A. ITCの仲間と共同設立した一般社団法人のヒューリットMFを通じて、独立中立の立場から、ユーザー企業にとって最適な経営・業務システムの企画・構築・運用を行っている。ITCではあるが、各メンバーの得意分野を生かして、ITのことだけでなく、経理や営業、製造管理など総合的にサポートしている。プロジェクト推進過程で社員の意識改革などを行い、プロジェクトが終了した後でも「自ら成長を続けられる組織」の構築を提案している。
Q.地域のIT産業の景気は?
A. 上向いている。製造業を中心にITを積極的に生かそうとしている。ユーザー企業からRFP(提案依頼書)作成のための支援依頼が昨秋から大幅に増えている。小売・卸売業では、ウェブを活用した販路構築などの相談を、とくに小規模事業者から受けることが増えた。中堅企業や行政機関からは、個人情報保護対策を中心に、セキュリティに対する要望が多い。
Q.地方のIT産業を伸ばすために必要なことは?
A. ヒューリットMFでは、5年ほど前から地域のユーザー、ITベンダーとITCとの接触機会を増やすために、「HRITMFソリューションコラボ」と題したソリューションの紹介セミナーを年2回ほど実施している。
また、中小企業の経営者やIT担当者の意識改革などを促す勉強会を、「HRITMFイブニングセミナー」と題して、毎月1回、平日の夜に開催している。さらに、地域の信用金庫と連携し、信金の顧客企業のIT化を提案・促進する活動も行っている。関西地域のICT関連団体とは定期的に情報交換をしていて、複数の団体や企業と触れ合う機会を設けている。

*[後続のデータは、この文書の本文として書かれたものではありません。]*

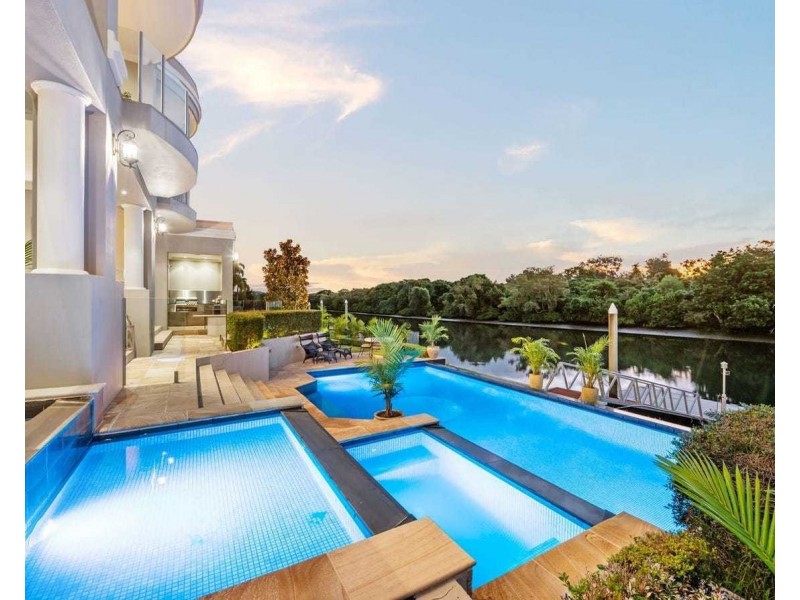 2510 Cressbrook Drive, Hope Island QLD 4212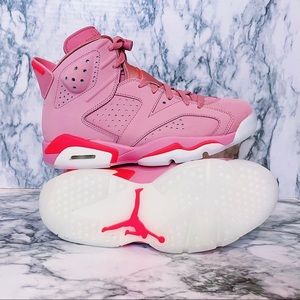 NIKE Air Jordan Retro 6 Rust Pink- Wmns 8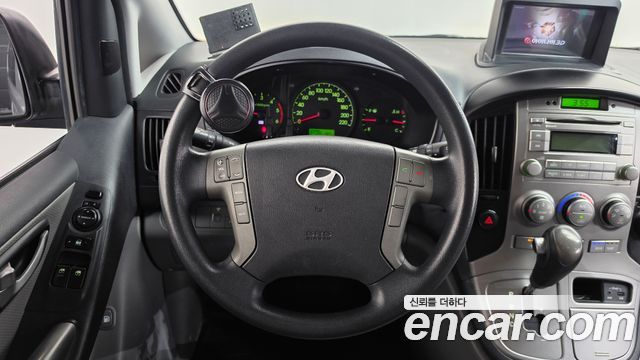 Hyundai Starex 2013 — photo 13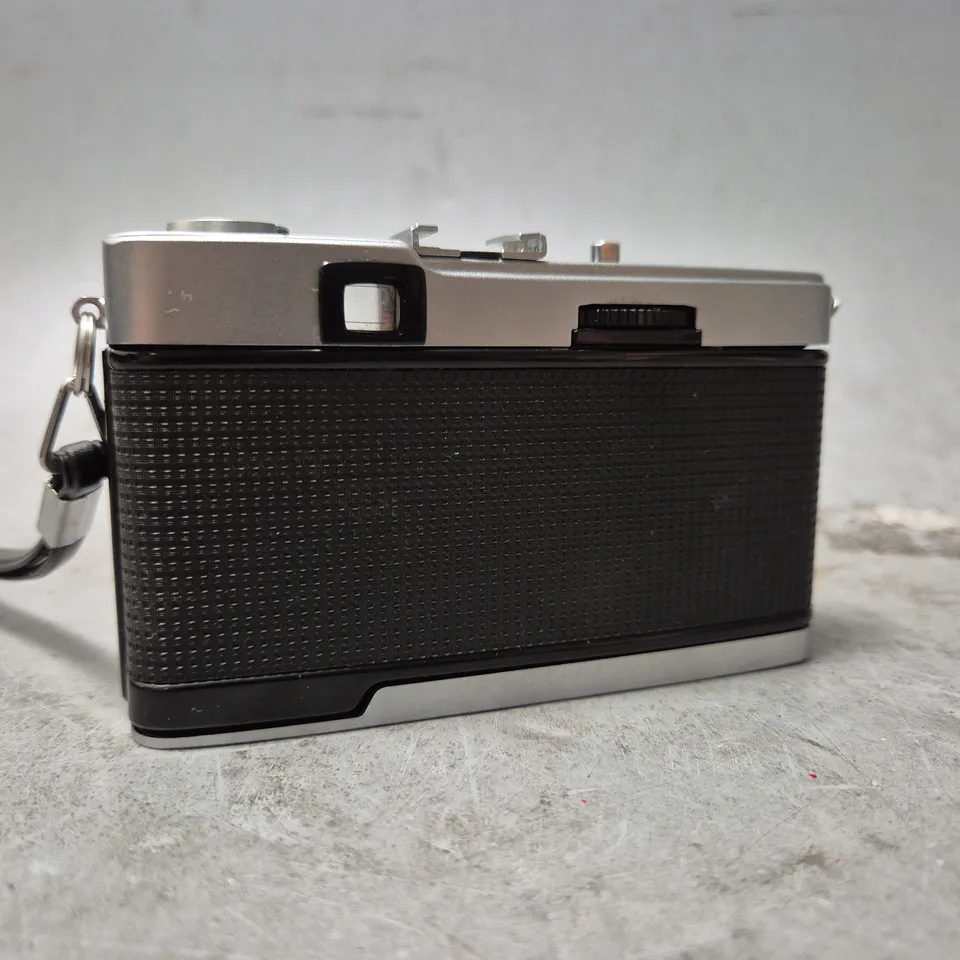 OLYMPUS TRIP 35 CAMERA IN BLACK/SILVER COLOUR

ただ、複数の組織が共同で何かを行おうとすると、組織の壁に突き当たることが多々ある。また、地方公共団体の活動が関連省庁の年度予算に全面的に左右されるため、複数年度や年度をまたいだ支援ができず苦慮している。複数の地域団体が協力することで、長期プランを実行できるような仕組みがほしい。